Of course, the next person in line to ascend the coveted throne of Olubadan is already known. It’s an open secret to Ibadan people that High Chief Owolabi Olakulehin is the next person to take the mantle.

The only thing left, however, is to make it official through a pronouncement by the Olubadan-in-Council and confirmation by the state government.

Olakulehin, the current Balogun of Ibadanland from Balogun (Military) line will be succeeding Oba Balogun who emerged from Otun (Civil) line. The same way Oba Balogun succeeded Oba Saliu Adetunji Aje Ogunguniso 1 from the Balogun Line.

Such is the uniqueness of the Obaship system of Ibadan as enshrined in the 1957 Olubadan Chieftaincy Declaration.

The system is widely adjudged the most organized and most peaceful succession process as far as kingship is concerned in Nigeria.

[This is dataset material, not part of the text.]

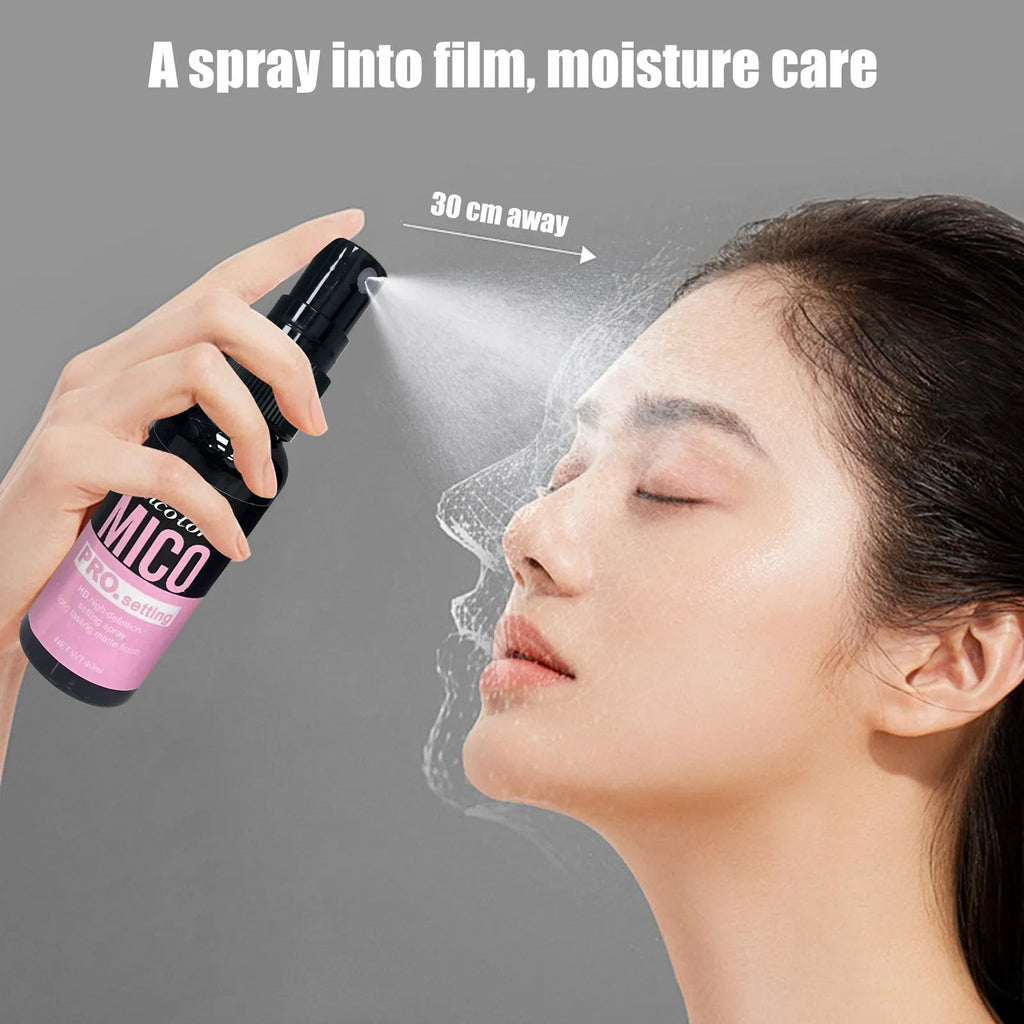 Two make-up spray bottles: 45ml pre-makeup primer lotion and 40ml finishing spray in monochrome design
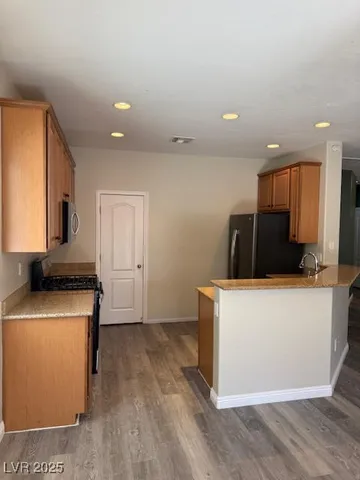 $2,200 | 766 Crest Valley Place, Henderson, NV 89011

There is no blue blood in Ibadan, every son of the ancient city is a potential Olubadan. All it requires is for you to be nominated as Mogaji (Head) of your family then rise to the top of the ladder, either from Balogun (Military) line or Otun (Civil) line. Yes, it takes grace, longevity of life for one to become Olubadan as well.

From Balogun Line, there are 23 steps while we have 22 steps from the Otun Line. What it means is that as Mogaji one has to climb 23 ladders from Balogun Line and 22 from Otun Line before becoming Olubadan.

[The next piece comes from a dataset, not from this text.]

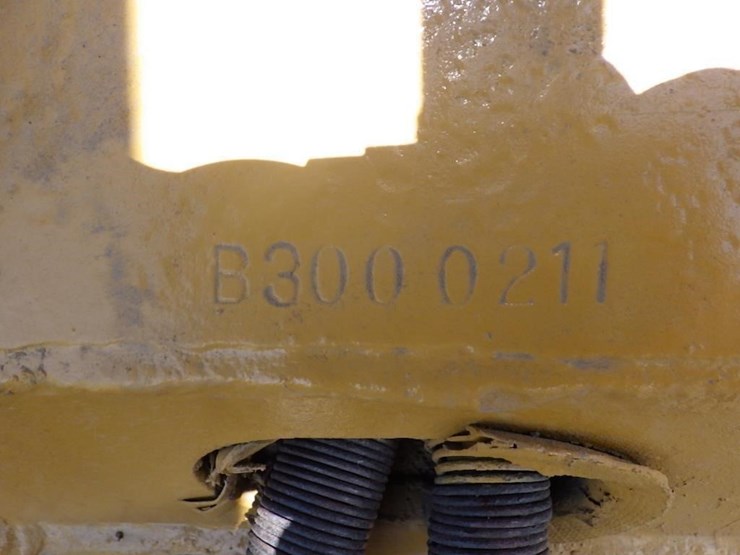 hanix-s&b300-image-40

In Balogun Line after the first step which is Jagun, there are Ajia, Bada, Aare Onibon, Gbonnka, Aare Egbe-Omo, Oota, Laguna, Aare Ago, Ayingun, Asaaju, Ikolaba, Aare Alasa, Agba Akin, Ekefa, Maye, Abese, Ekarun Balogun, Ekerin Balogun, Asipa Balogun, Osi Balogun, Otun Balogun and Balogun.

From Otun Line, also known as Egbe Agba, we have Jagun, Ajia, Bada, Aare Onibon, Gbonnka, Aare Egbe-Omo, Oota, Laguna, Aare Ago, Ayingun, Asaju, Ikolaba, Aare Alasa, Agba Akin, Ekefa, Maye, Abese, Ekarun Olubadan, Ekerin Olubadan, Asipa Olubadan, Osi Olubadan and Otun Olubadan.

Meanwhile as smooth and organized as Ibadan Obaship rotational system appears, there has been pressure from a section of the town for the system to be reviewed. This school of thought believes the 1957 Olubadan Chieftaincy Declaration is outdated and needed to be revisited.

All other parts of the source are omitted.